Forensic panel urges new look at old arson cases

Willingham's house
after the blaze
Adopting a stronger call to action Friday, a state agency concluded its review of the Cameron Todd Willingham case by urging Texas fire officials to re-examine investigations that may have relied on arson evidence now known to be unreliable.

The Texas Forensic Science Commission also added language to its final report clarifying the role that now-discredited "arson indicators" played in Willingham's conviction on murder charges.

The commission's inquiry, focused on the arson science behind the Willingham case, was never intended to weigh the guilt or innocence of the man Texas executed in 2004.
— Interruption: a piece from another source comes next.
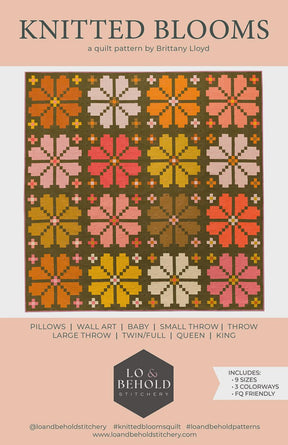 Knitted Blooms Quilt Pattern ONLY LBS-131 Fat Quarter Friendly 9 Sizes, 3 Colorways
But the report adopted Friday marked the first time a state agency has acknowledged that unreliable evidence played a role in Willingham being convicted of setting fire to his Corsicana home in 1991 and killing his three young children.

"It's a good report," said Stephen Saloom, policy director of the Innocence Project, a New York legal advocacy center that filed the Willingham complaint with the commission in 2008.

"It makes clear that the old forms of arson evidence are not reliable and need to be banished from fire investigation practices in Texas," Saloom said. "And this gives a chance for justice for all those past cases where people may have been wrongfully convicted of arson."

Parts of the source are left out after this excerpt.